Politik Uang dalam Perspektif Hukum Positif
Secara sederhana politik uang dapat diartikan sebagai cara menggunakan uang secara haram untuk mempengaruhi keputusan tertentu. Artinya uang dijadikan alat untuk memengaruhi seseorang dalam menentukan pilihan sesuai dengan keinginan si pemberi uang dalam pelaksanaan pemilu. Atau dengan kata lain politik uang merupakan praktik kontra demokrasi. Adapun yang dimaksud dengan Pemilu ialah sarana kedaulatan rakyat untuk memilih anggota DPR, anggota DPD, Presiden dan Wakil Presiden, dan untuk memeilih anggota DPRD yang dilaksanakan secara langsung, bebas, rahasia, jujur, adil dalam Negara Kesatuan Republik Indonesia berdasarkan Pancasila dan UUD RI Tahun 1945.

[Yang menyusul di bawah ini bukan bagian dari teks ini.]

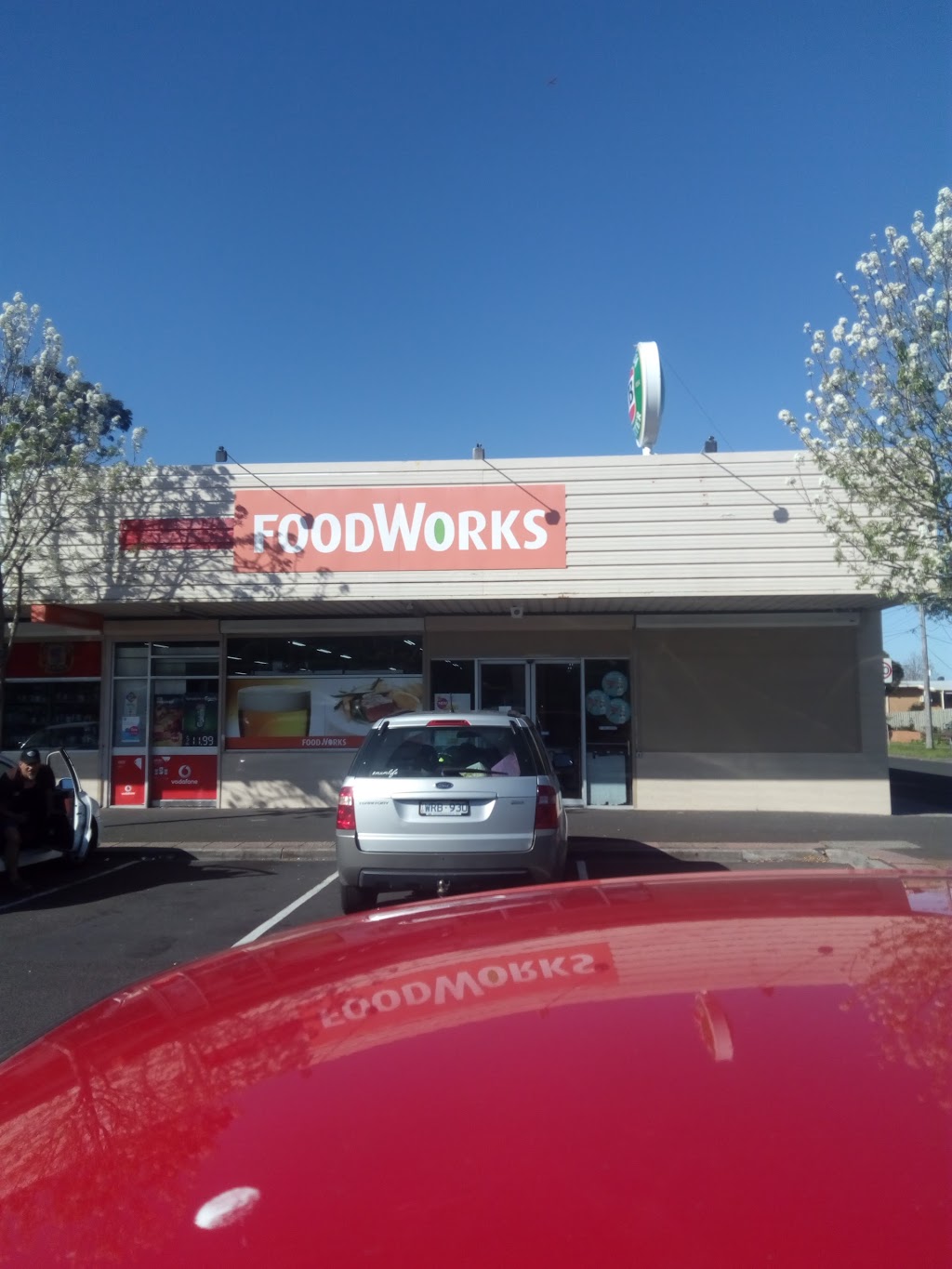FoodWorks | supermarket | 10/57 Excelsior Dr, Frankston North VIC 3200, Australia | 0397864444 OR +61 3 9786 4444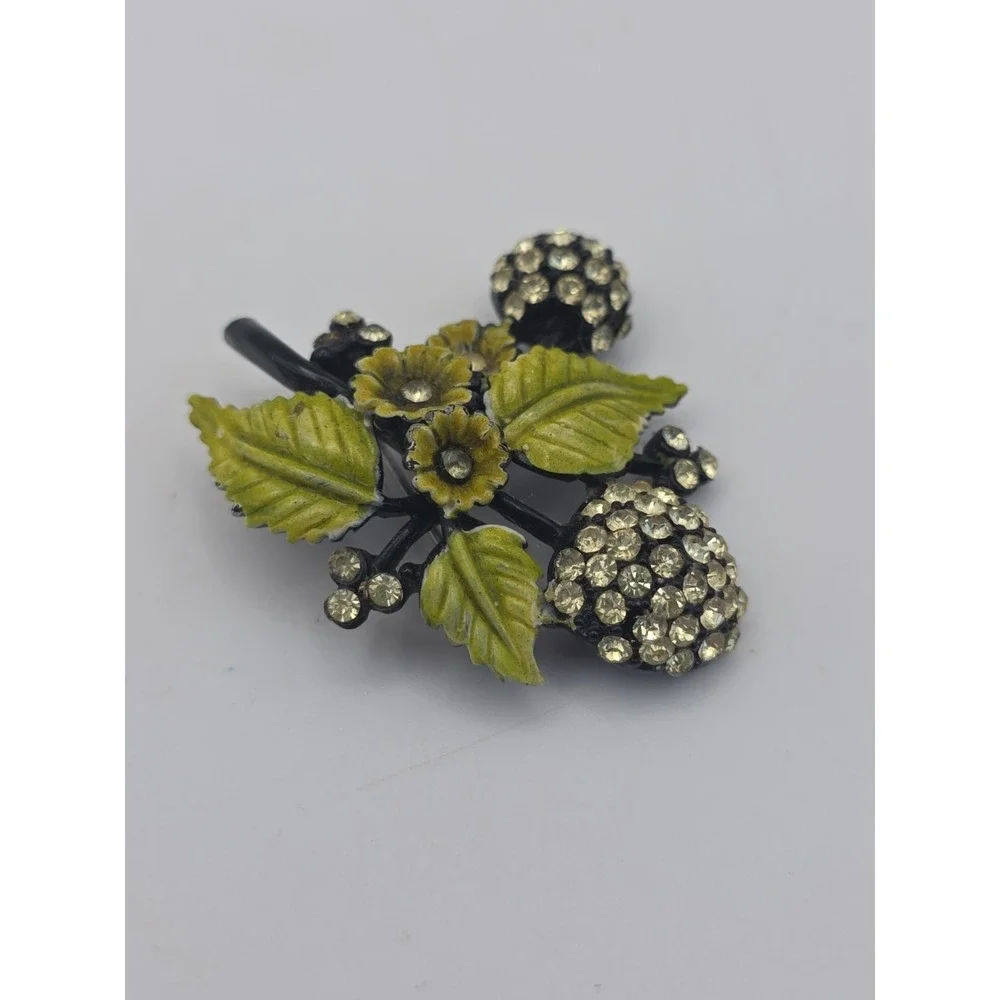 Vintage Hollycraft Hydrangea Berry Brooch Japanned Yellow Rhinestone Leaf Retro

Tentu kita sepakat bahwa sejarah pembentukan dan perkembangan Negara Hukum atau Rechstaat salah satunya bercirikan adanya principle of legality yang menentukan bahwa tidak ada perbuatan yang dilarang dan diancam dengan pidana jika tidak ditentukan terlebih dahulu dalam perundang-udangan atau biasanya disebut juga nulum delictum nulla poena sine paraevia lege (tidak ada delik, tidak ada pidana tanpa peraturan lebih dulu). Konsekuensi dari makna ini adalah bahwa penindakan terhadap suatu pelanggaran dan kejahatan pemilu haruslah diatur terlebih dahulu dalam perundang-undangan. Sehingga dalam implementasi penindakan tidak melanggar hukum, tidak terjadi abuse of authority.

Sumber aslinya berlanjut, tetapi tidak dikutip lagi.